Very impressive engineering!
I'm guessing the scooped guides are interchangeable, so that when you devise the guides for curved spoon sides, they can be quickly switched out?
Would a bowl bit work?


----------



## Dejure (Jul 27, 2009)

*What's It Do?*

I can't say I see the resemblance, but, I'm going to look into it for another idea to crank of my router capability.




Mike said:


> Kelly, you have come very close to reinventing Bob Rosendahls odd shape routing jig. The twin support rails on each side can be made as templates for cutting table legs (or spoons) and the shape of the round overs attached to the router determine how fine a radius you can cut. Great job.


----------



## Dejure (Jul 27, 2009)

You can put any bit you want in your router. You are limited only by your imagination and the shape of your guides.

As I mentioned, you could use strips of plastic cut from a five gallon bucket to wrap around, say, three oval shaped guides, to keep the bit within the lines.

You can start off by dropping a pre-cut spoon or ladle in place, or you can lock a rectangular piece of wood in place. One way, you do your scoop cut, then cut around the scoop with your band saw. The other might be easier than aligning the cut out spoon to make the scoop, but I found that to be not too difficult.

You could make guides and mount them on 1/8" stock and make it, for example, a couple inches longer than the guide.
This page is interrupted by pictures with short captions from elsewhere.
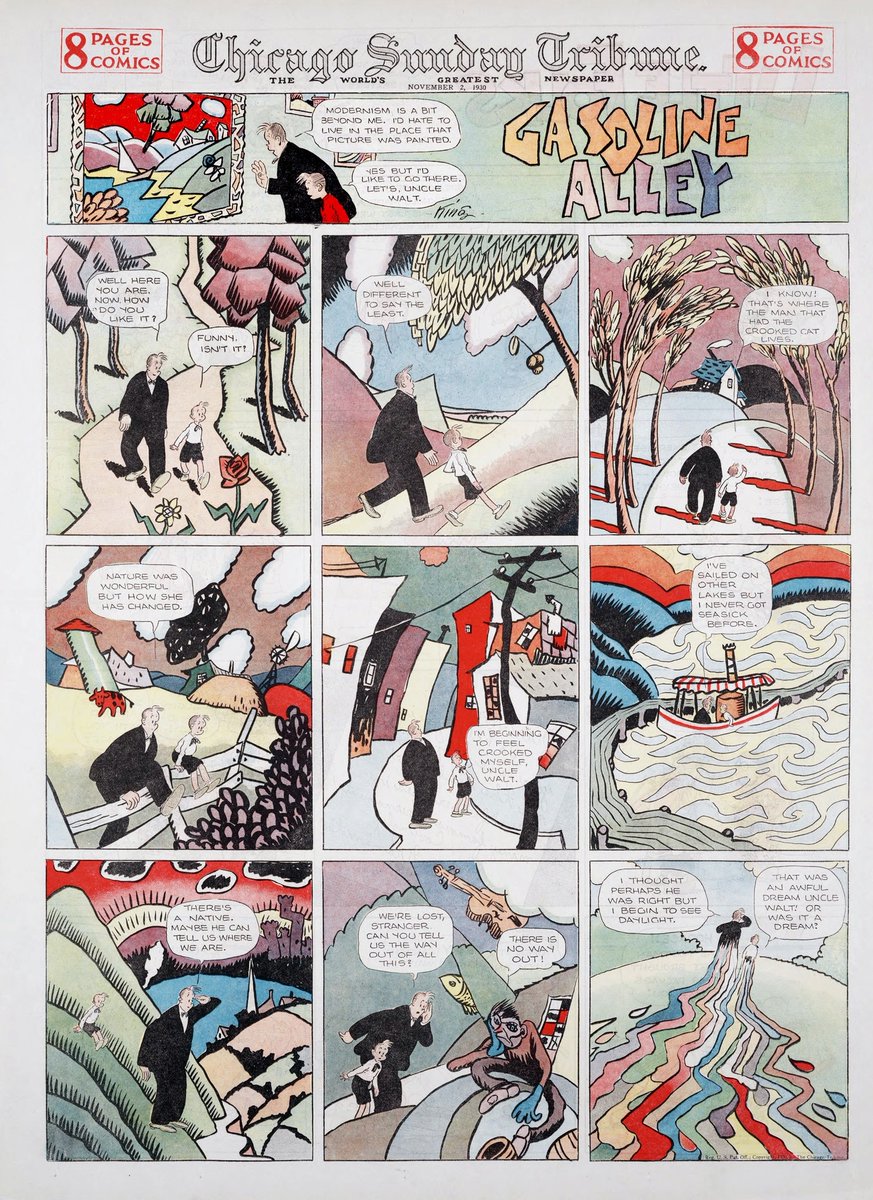 NonsenseIsland's tweet photo. So many of these comics that I used to think were lame as a kid were actually amazing decades before I was born. Modern GASOLINE ALLEY, for instance, is nothing like the beautifully drawn Frank King strips from the 1930s. https://t.co/KXHI2ah9tc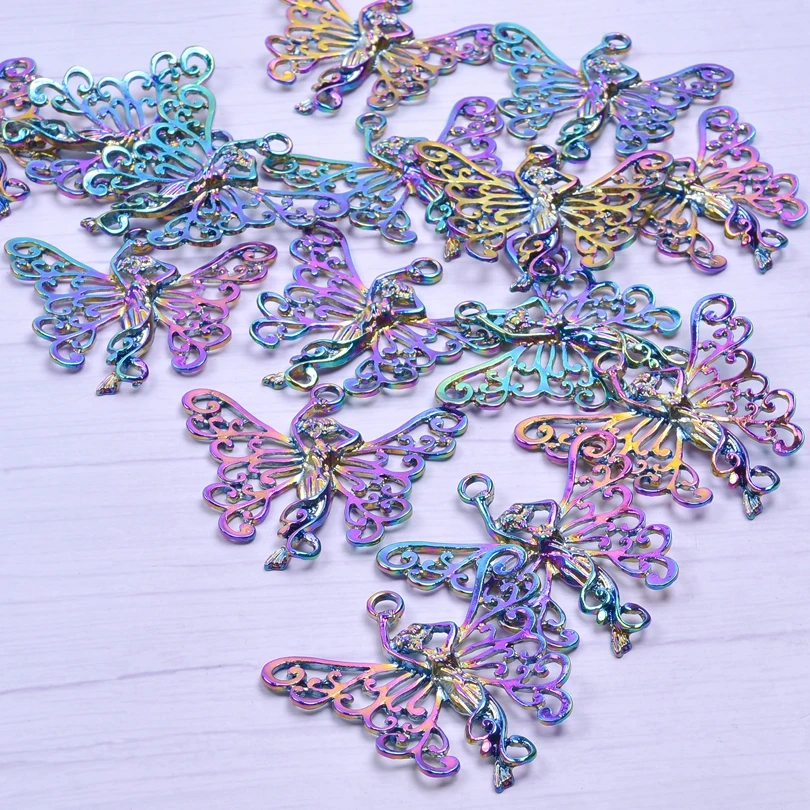 1 шт. подвеска-бабочка в античном стиле из серебра и металла 12728 | Украшения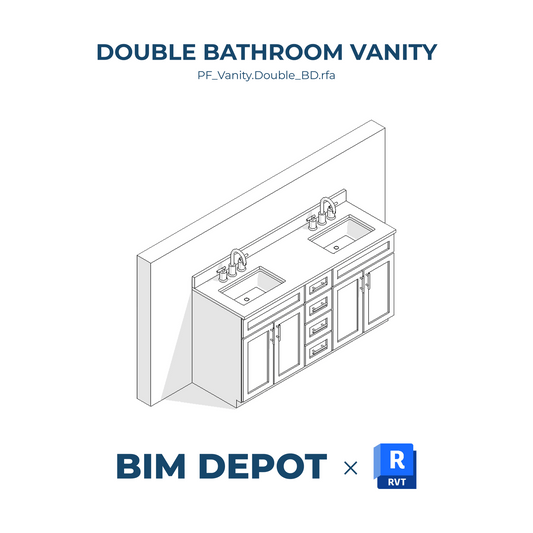 Double Bathroom Vanity with Counter Mounted Faucets - Revit Plumbing Fixture Family
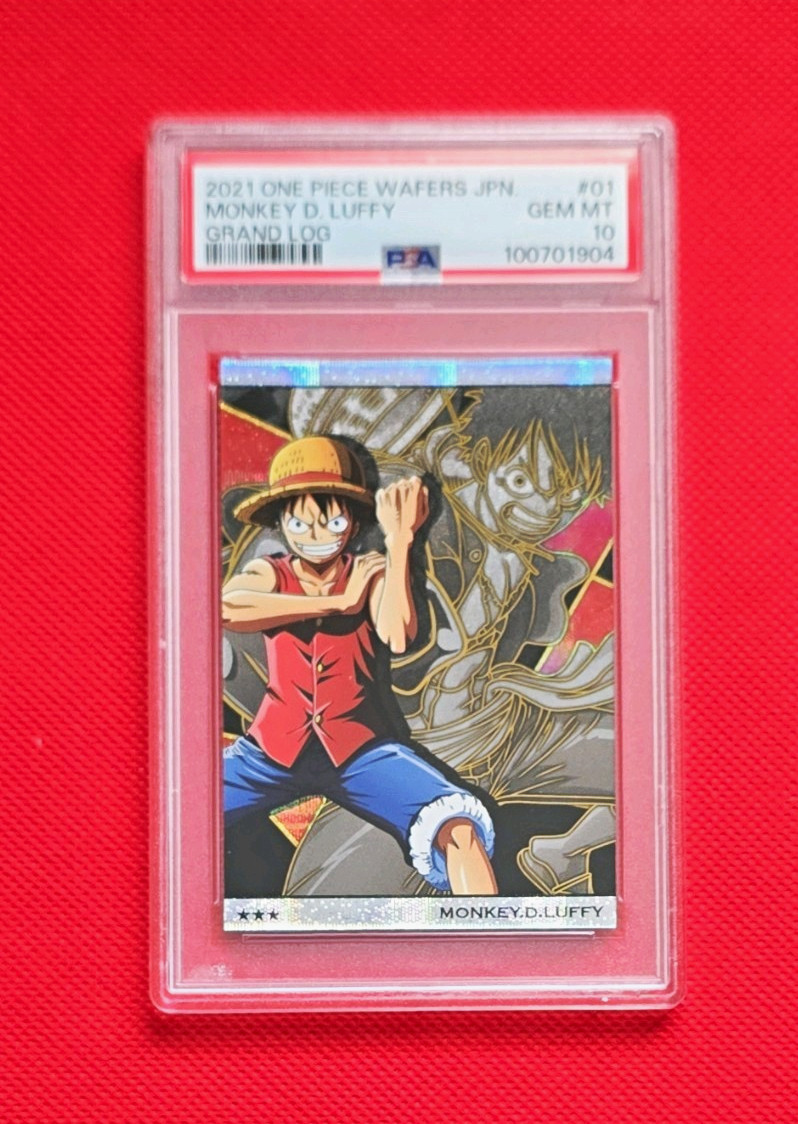 Bandai 2021 One Piece Wafers JPN #01 Luffy Grand Log Holo PSA 10 100701904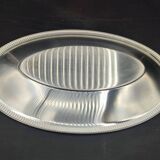 Oval stainless steel serving platter/ Tray by Jean Couzon Goldsmith - New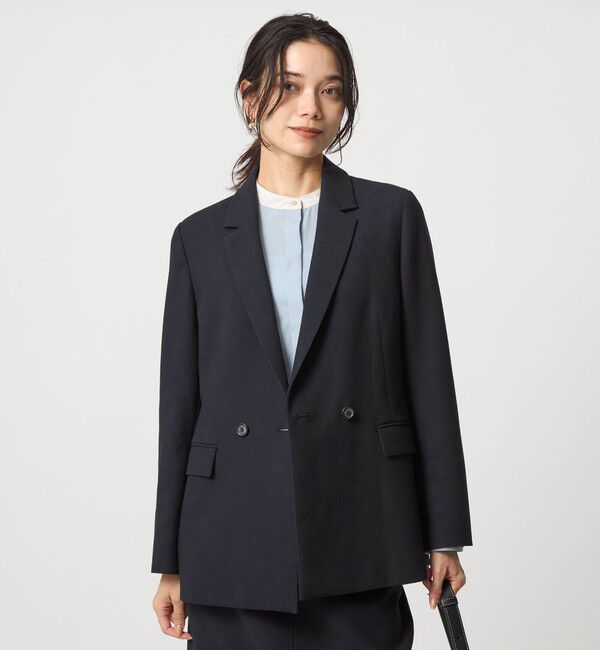 UNITED ARROWS green label relaxing「ダブルクロス ダブル ジャケット ウォッシャブル ストレッチ」|テーラードジャケット|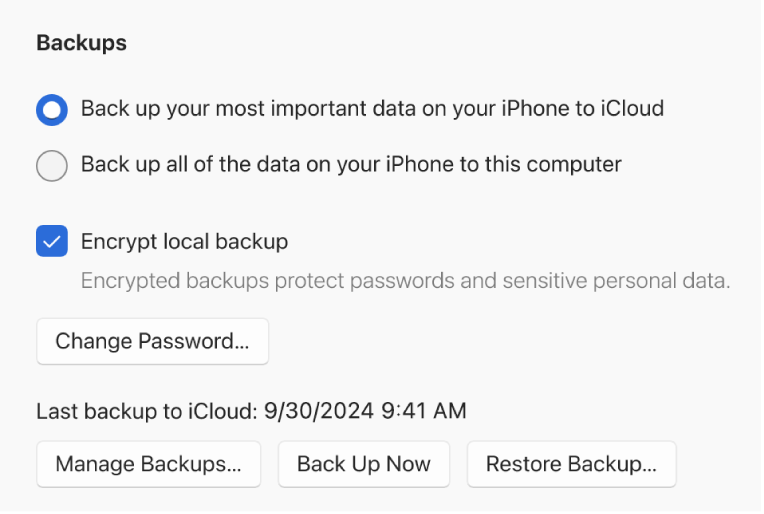 Le opzioni per eseguire il backup dei dati da un dispositivo vengono visualizzate con due pulsanti che consentono di selezionare se si desidera effettuare il backup su iCloud o sul dispositivo Windows, l’opzione “Codifica backup locale” per codificare i dati di backup e dei pulsanti aggiuntivi per gestire i backup, ripristinare da un backup e avviare un backup.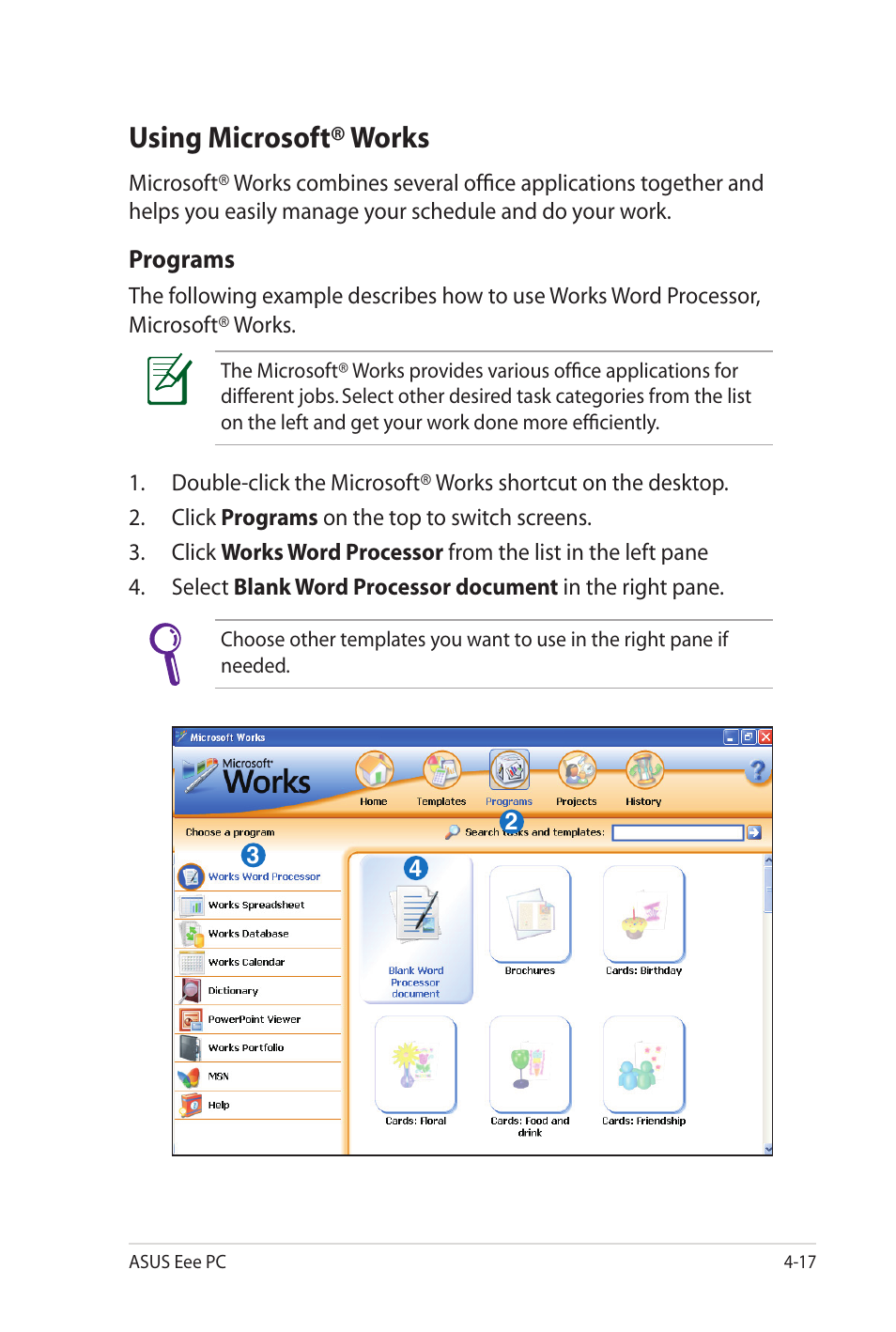 Using microsoft® works | Asus Eee PC 701SD/XP User Manual | Page 57 / 80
Drill a 3/8" hole on one end so it would drop over a 1/4"x20 bolt, mounted through the bottom of the base.

Just have a lip on the other end so the guide mount slides under it (say, 1/8"), then the mount would drop down over the 1/4" x 20 bolt and a jig knob would hold it in place (you'd only need three knobs and this would allow quick changes)

Hope that's somewhat clear.

Very impressive engineering!
I'm guessing the scooped guides are interchangeable, so that when you devise the guides for curved spoon sides, they can be quickly switched out?
Would a bowl bit work?


----------



## Dejure (Jul 27, 2009)

*Still looking for Rosendahl's odd shape routing jig*

I dug around on line an found books, but no information on the jig and its use or lay out. Any ideas where to go. I am not familiar with it and don't want to step on any toes.




Mike said:


> Kelly, you have come very close to reinventing Bob Rosendahls odd shape routing jig. The twin support rails on each side can be made as templates for cutting table legs (or spoons) and the shape of the round overs attached to the router determine how fine a radius you can cut. Great job.


----------



## Mike (Nov 22, 2004)

Kelly, Bob Rosendahl is unparallelled in jig and fixture design. Bob and his son Rick produced the Router Workshop TV series that ran on PBS for 14 seasons. Bob's grandson Mark is the founder of routerforums. The Rosendahl family is no longer affiliated with the forums but Rick still runs Routerworkshop.net and sells subscriptions to the show.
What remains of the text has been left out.